Exercise: Every entry below should be reproduced exactly; no picture is to be included.

- - - - -

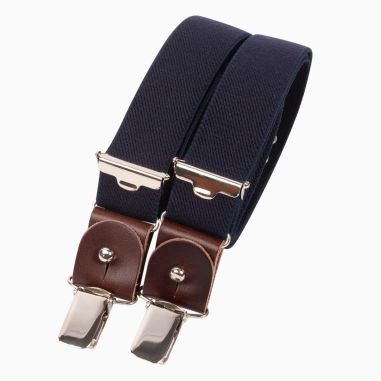 Chocolate leather navy blue Heritage Skinny braces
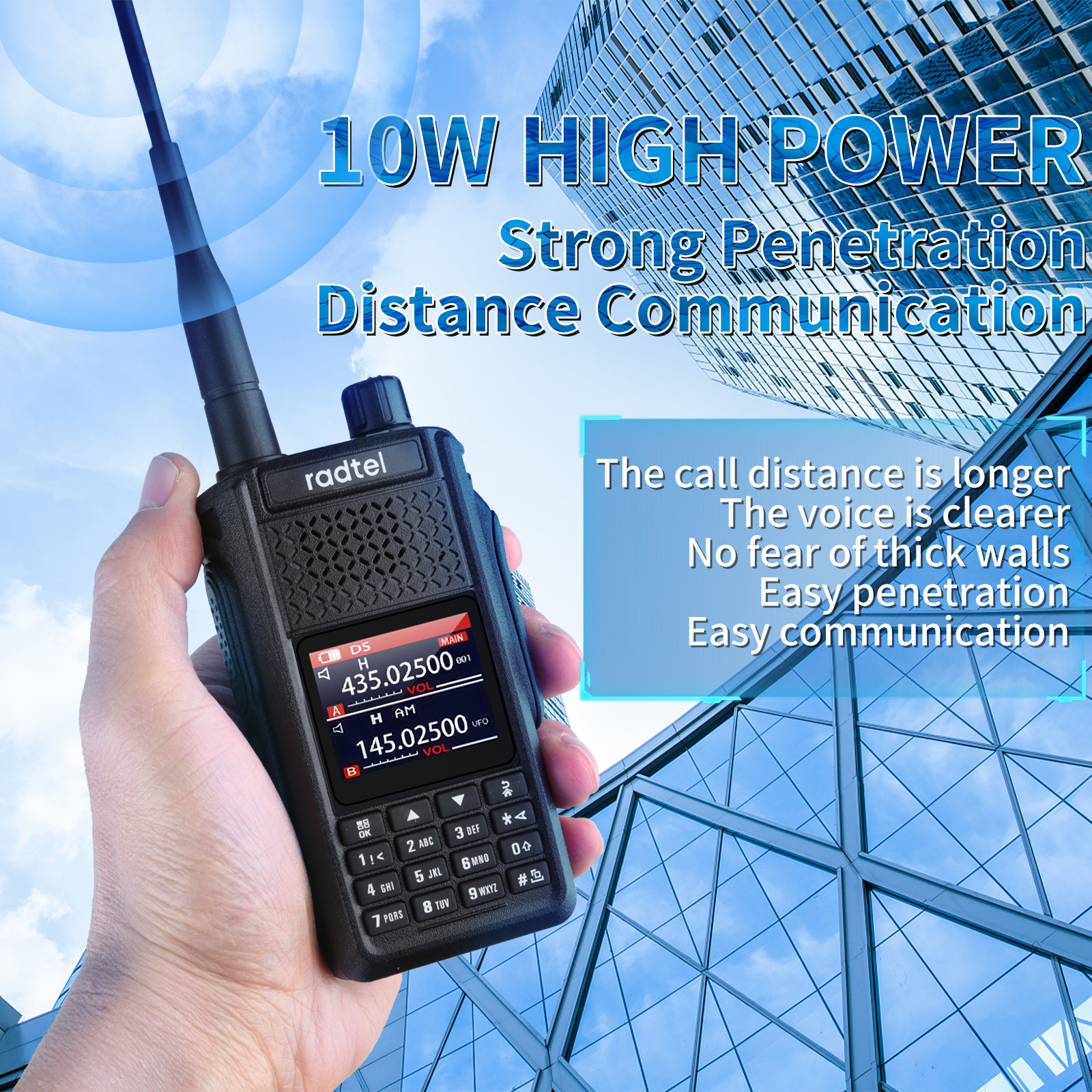 Radtel RT-630 Bandas completas à prova d'água Rádio amador, Walkie Talkie de banda aérea de aviação, frequência de cópia sem fio, 10W, IP67, USB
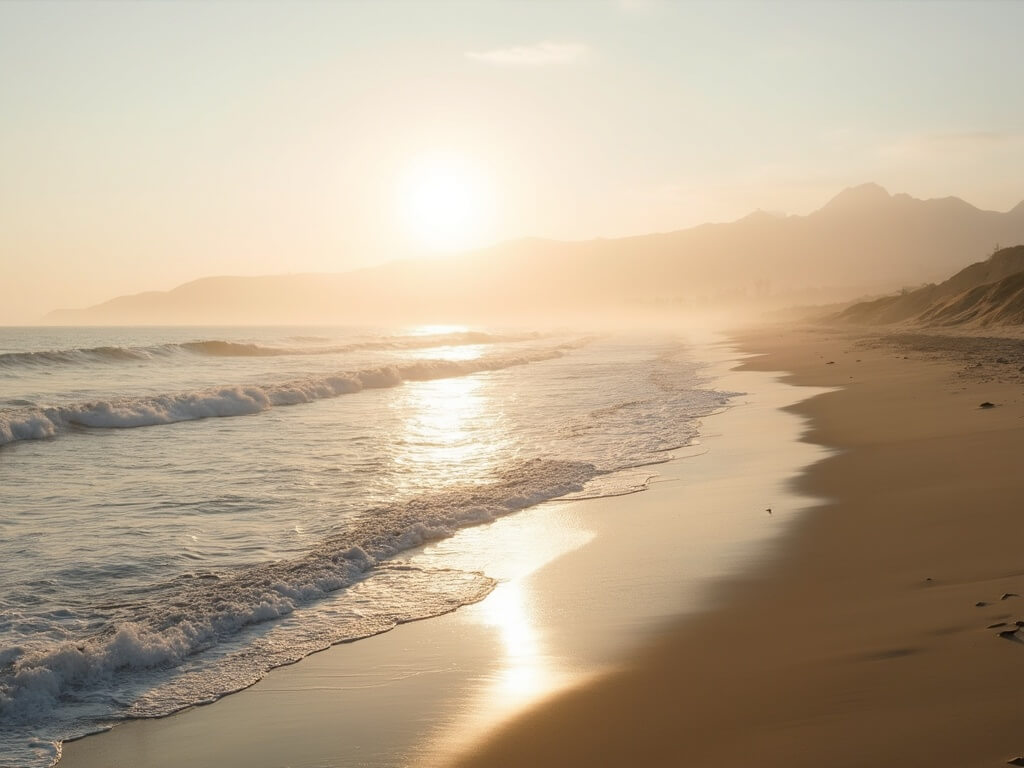 Serene coastal landscape at golden hour at Huntington Beach with gentle waves, sandy beach, distant fog banks, and warm sunlight creating long shadows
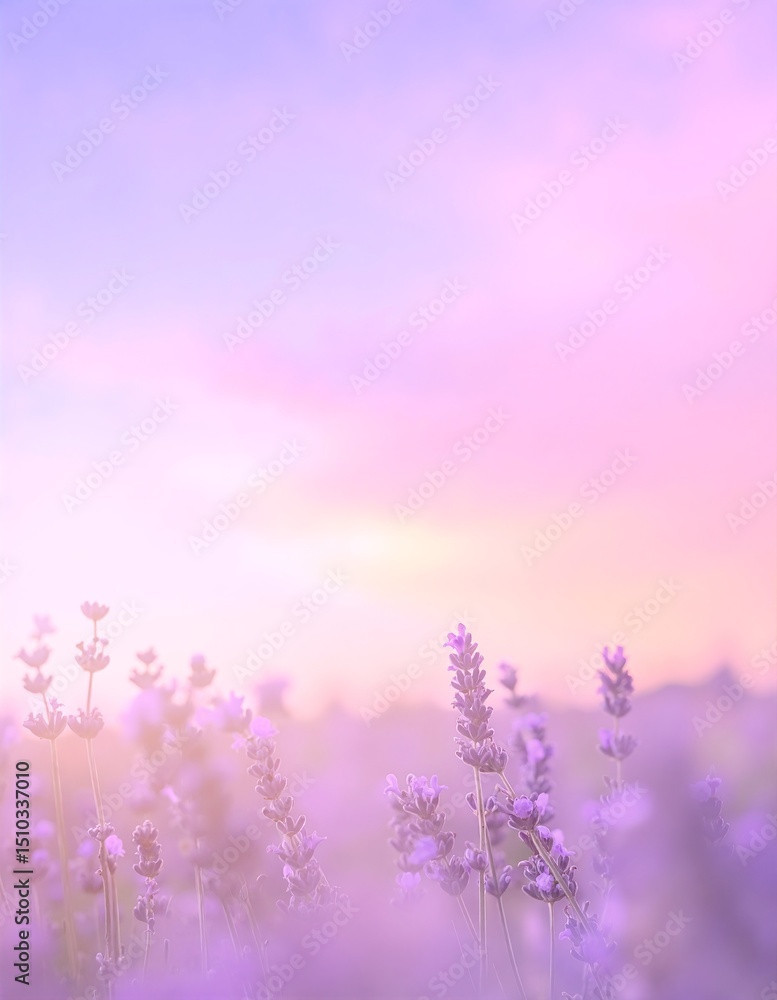 Obraz premium A vibrant field of lavender flowers stretches towards the horizon, bathed in the warm, golden hues of a breathtaking sunset, creating a serene atmosphere.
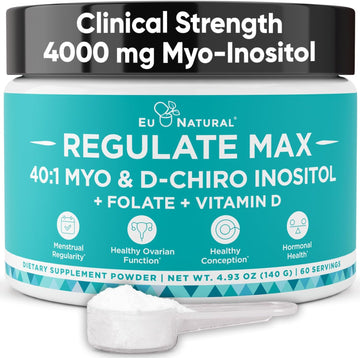 Regulate Max Myo-Inositol & D-Chiro Inositol Supplement Powder For Women With Vitamin D & Folate Pcos Nutritional Support, Hormone Balance & Fertility Support, Unflavored 60 Servings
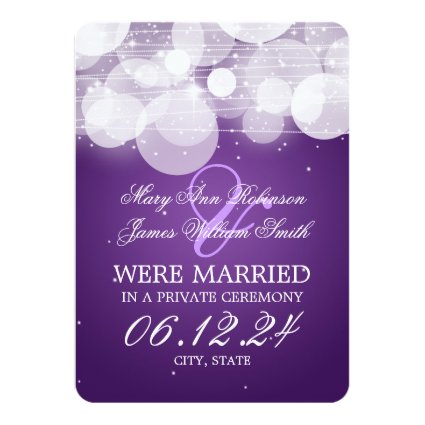 Marriage Elopement Glow & Sparkle Purple Custom Announcements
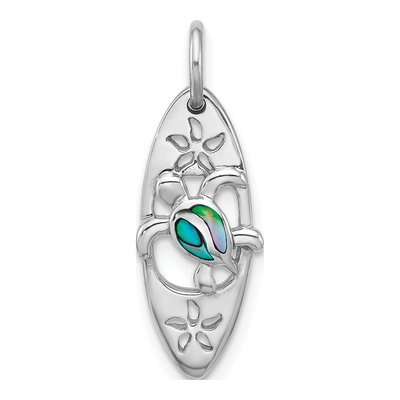 Sterling Silver Paua Shell Turtle Surfboard Pendant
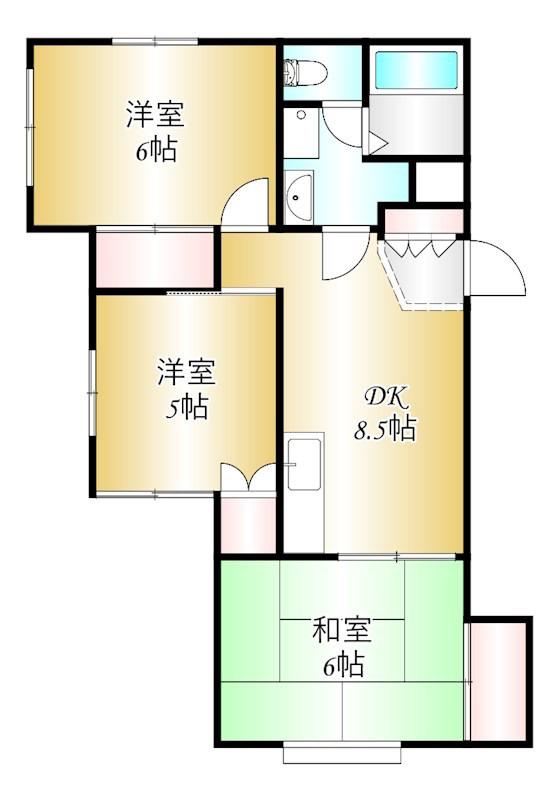 メゾン桝形(3DK/1階)の間取り写真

- - - - -

Exercise answer:
 Chocolate leather navy blue Heritage Skinny braces
 Radtel RT-630 Bandas completas à prova d'água Rádio amador, Walkie Talkie de banda aérea de aviação, frequência de cópia sem fio, 10W, IP67, USB
 Serene coastal landscape at golden hour at Huntington Beach with gentle waves, sandy beach, distant fog banks, and warm sunlight creating long shadows
 Obraz premium A vibrant field of lavender flowers stretches towards the horizon, bathed in the warm, golden hues of a breathtaking sunset, creating a serene atmosphere.
 Regulate Max Myo-Inositol & D-Chiro Inositol Supplement Powder For Women With Vitamin D & Folate Pcos Nutritional Support, Hormone Balance & Fertility Support, Unflavored 60 Servings
 Marriage Elopement Glow & Sparkle Purple Custom Announcements
 Sterling Silver Paua Shell Turtle Surfboard Pendant
 メゾン桝形(3DK/1階)の間取り写真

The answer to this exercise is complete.